The problem: Please transcribe the entries exactly and omit the images they contain.
▬▬▬▬▬▬
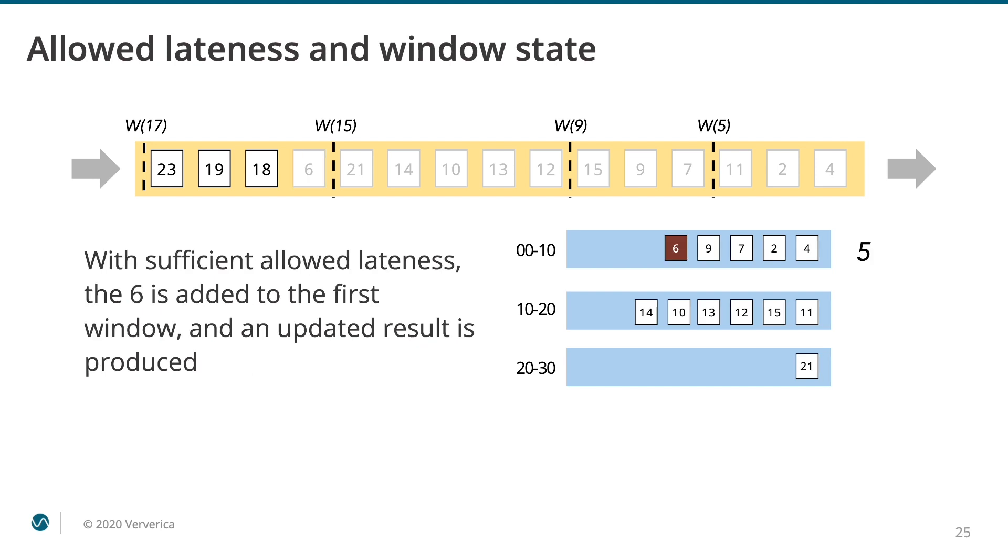With sufficient allowed lateness, the 6 is added to the first window and an updated result is produced. Of course, it means that your downstream systems have to be able to deal with such updated, enhanced results.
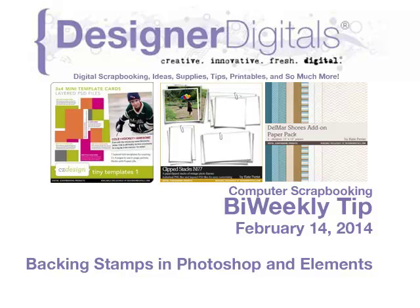Welcome to Designer Digitals Bi-Weekly Tip, February 14, 2014. This week, backing stamps in Photoshop and Elements.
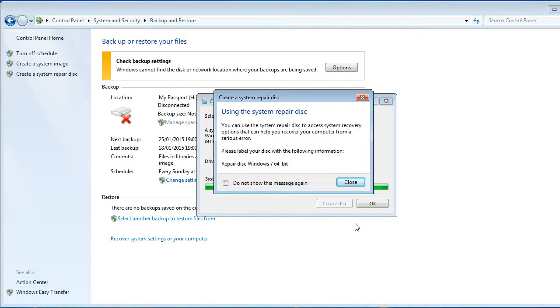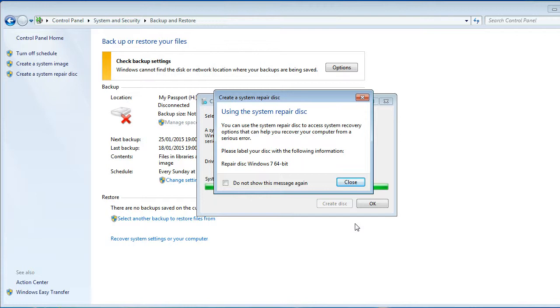As you can see there on the screen, it's just saying you can use a system repair disk to access system recovery options. They're saying label it, which I was going to say anyway. Write on it what your system is, so just put down that it's a Windows 7, 64 or 32-bit, or it's a Windows 8 or Vista, or whichever one you happen to be doing the repair disk for.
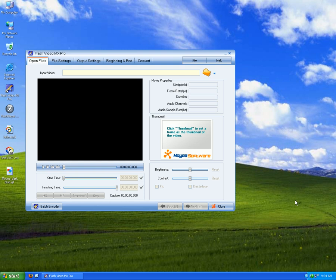Hello everyone, today I am going to introduce you to a very popular and professional video to Flash converter, Flash Video Max Pro. Let's waste no time and have a try.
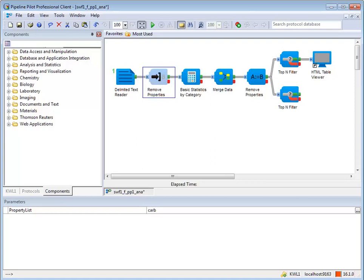In the Halt data state, data reaches the component and proceeds no further. The component does not operate on the data.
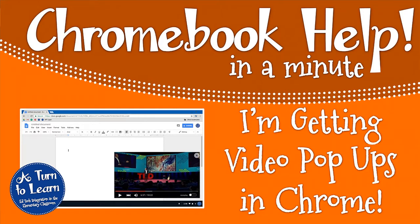Hi everyone, it's Jessica from A Turn to Learn and I wanted to show you what you could do if one of your students is getting video pop-ups no matter what website they're visiting.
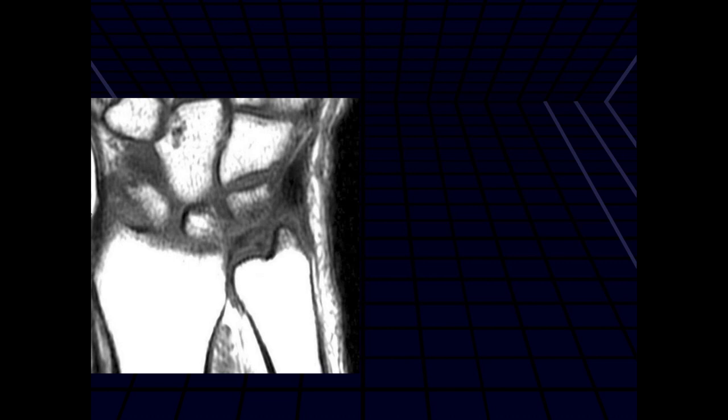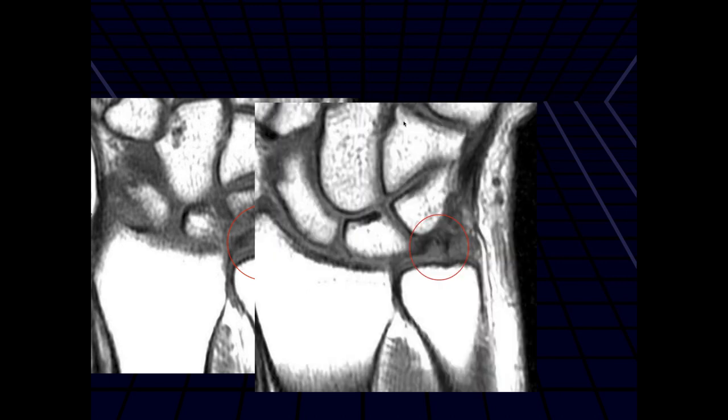Let's carry on from where we left off last time. Jennifer, why don't you take this case? Here we just have a single coronal T1 image. It looks like there's some increased signal along the peripheral aspect of the TFC disc, which is concerning for a peripheral tear.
▬▬▬▬▬▬
Answer section:
With sufficient allowed lateness, the 6 is added to the first window and an updated result is produced. Of course, it means that your downstream systems have to be able to deal with such updated, enhanced results.
Welcome to Designer Digitals Bi-Weekly Tip, February 14, 2014. This week, backing stamps in Photoshop and Elements.
As you can see there on the screen, it's just saying you can use a system repair disk to access system recovery options. They're saying label it, which I was going to say anyway. Write on it what your system is, so just put down that it's a Windows 7, 64 or 32-bit, or it's a Windows 8 or Vista, or whichever one you happen to be doing the repair disk for.
Hello everyone, today I am going to introduce you to a very popular and professional video to Flash converter, Flash Video Max Pro. Let's waste no time and have a try.
In the Halt data state, data reaches the component and proceeds no further. The component does not operate on the data.
Hi everyone, it's Jessica from A Turn to Learn and I wanted to show you what you could do if one of your students is getting video pop-ups no matter what website they're visiting.
Let's carry on from where we left off last time. Jennifer, why don't you take this case? Here we just have a single coronal T1 image. It looks like there's some increased signal along the peripheral aspect of the TFC disc, which is concerning for a peripheral tear.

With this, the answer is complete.